Example: parsing JSON
Let’s have a look at a more complex example. Imagine that you’re working with HTTP log events that look like this:
{
"message": "{\"status\":200,\"timestamp\":\"2021-03-01T19:19:24.646170Z\",\"message\":\"SUCCESS\",\"username\":\"ub40fan4life\"}"
}
Let’s assume you want to apply a set of changes to each event that arrives to your Remap transform in order to produce an event with the following fields:
message
(string)status
(int)timestamp
(int)timestamp_str
(timestamp)
The following VRL program demonstrates how to achieve the above:
# Parse the raw string into a JSON object, this way we can manipulate fields.

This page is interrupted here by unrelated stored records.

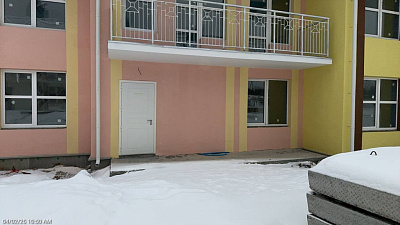 Таунхаусы 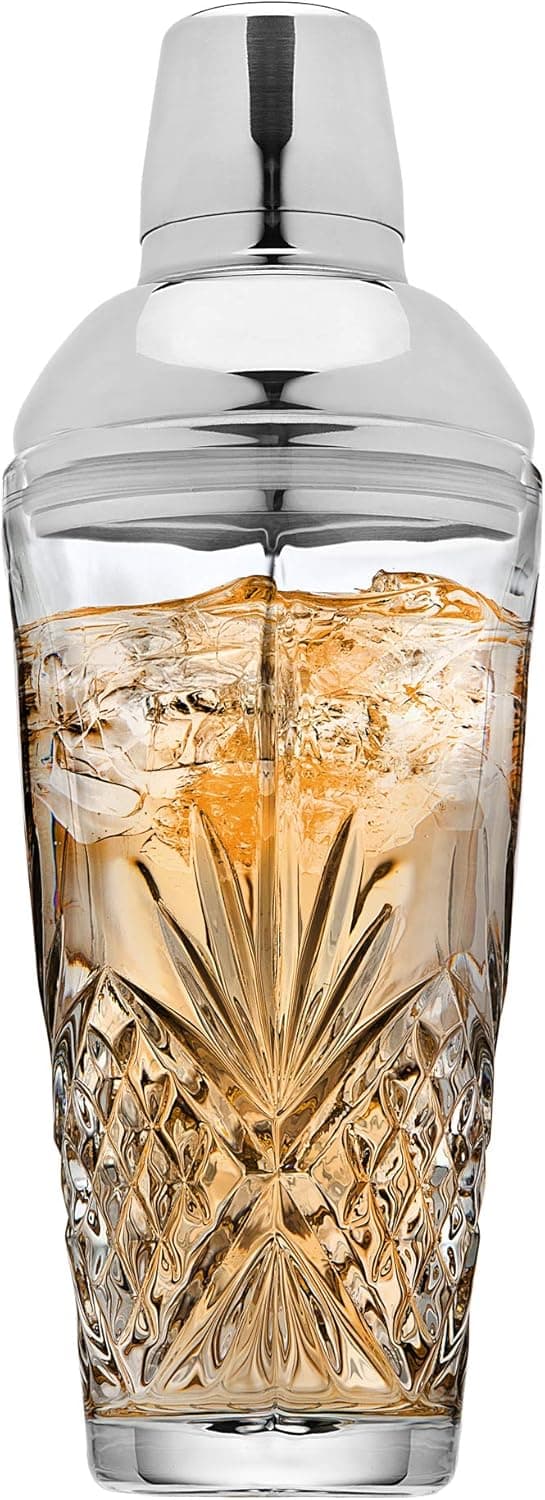 1 st Cocktail Shaker, Martini Shaker, 450 ml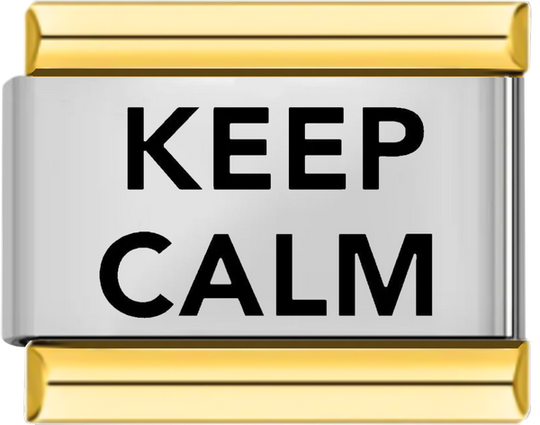 Keep Calm, on Gold - keep calm on gold.png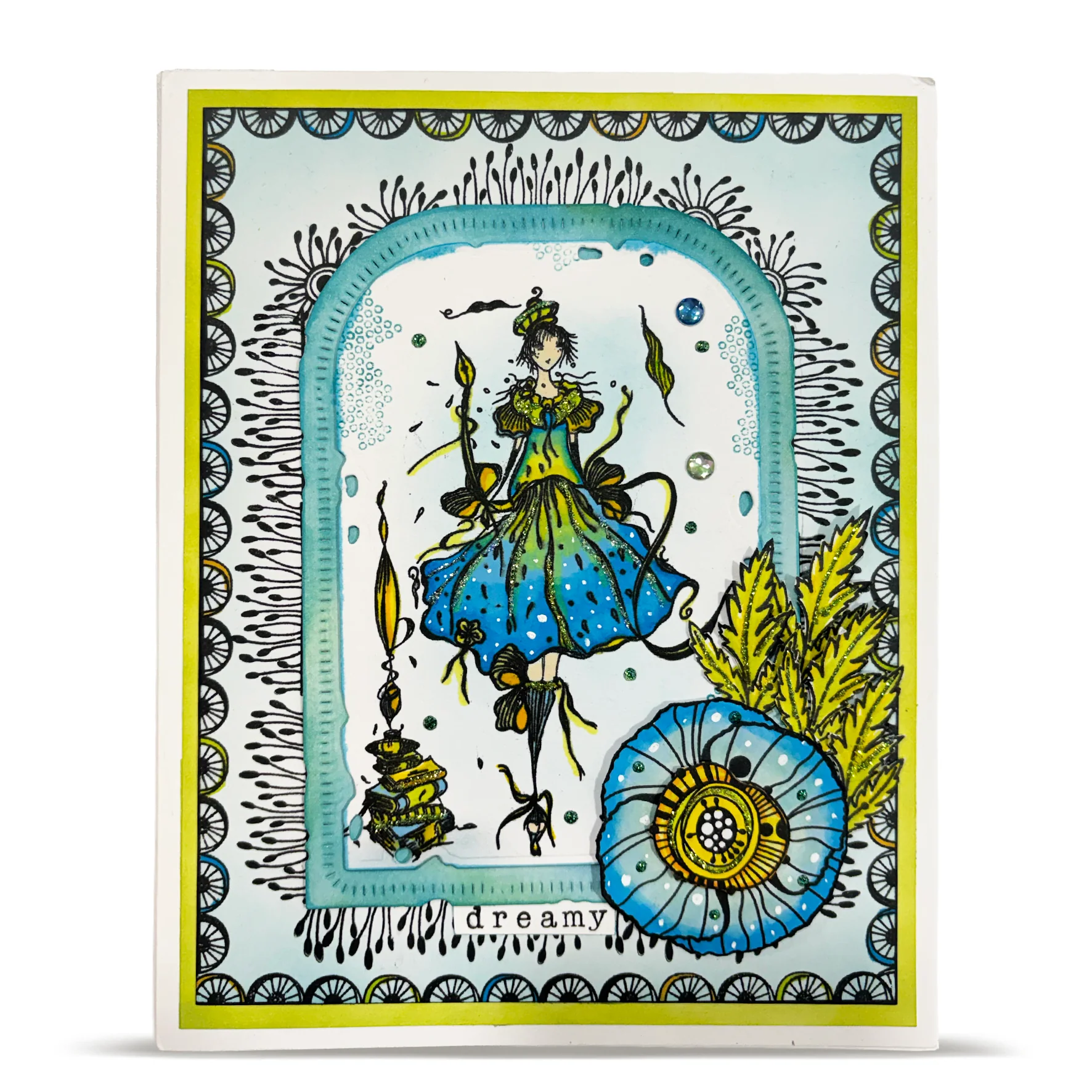 TP-1479 - A6 Stamp Sets - Lovely Coquelicots - Image 6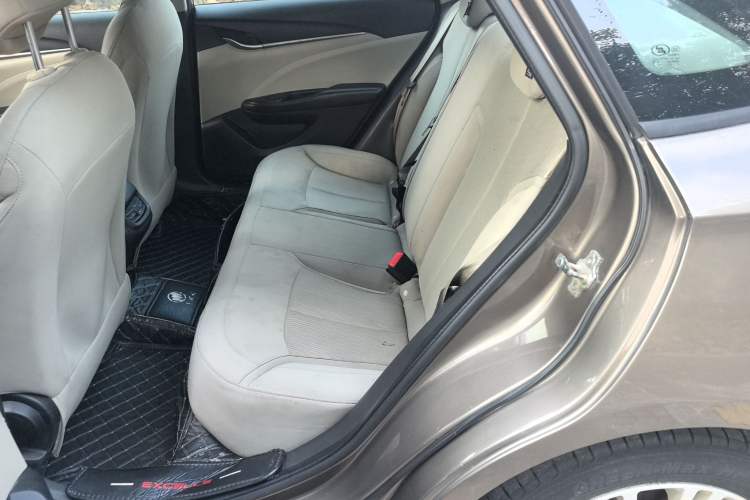 Used Buick GT 2015 15N Automatic Elite Version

. = parse_json!(string!(.message))
# At this point `.` is the following:
#{
# "message": "SUCCESS",
# "status": 200,
# "timestamp": "2021-03-01T19:19:24.646170Z",
# "username": "ub40fan4life"
#}
# Attempt to parse the timestamp that was in the original message.
# Note that `.timestamp` can be `null` if it wasn't present.
parsed_timestamp, err = parse_timestamp(.timestamp, format: "%Y-%m-%dT%H:%M:%S.%fZ")
# Check if the conversion was successful. Note here that all errors must be handled, more on that later.
if err == null {
# Note that the `to_unix_timestamp` expects a `timestamp` argument.
# The following will compile because `parse_timestamp` returns a `timestamp`.
.timestamp = to_unix_timestamp(parsed_timestamp)
} else {
# Conversion failed, in this case use the current time.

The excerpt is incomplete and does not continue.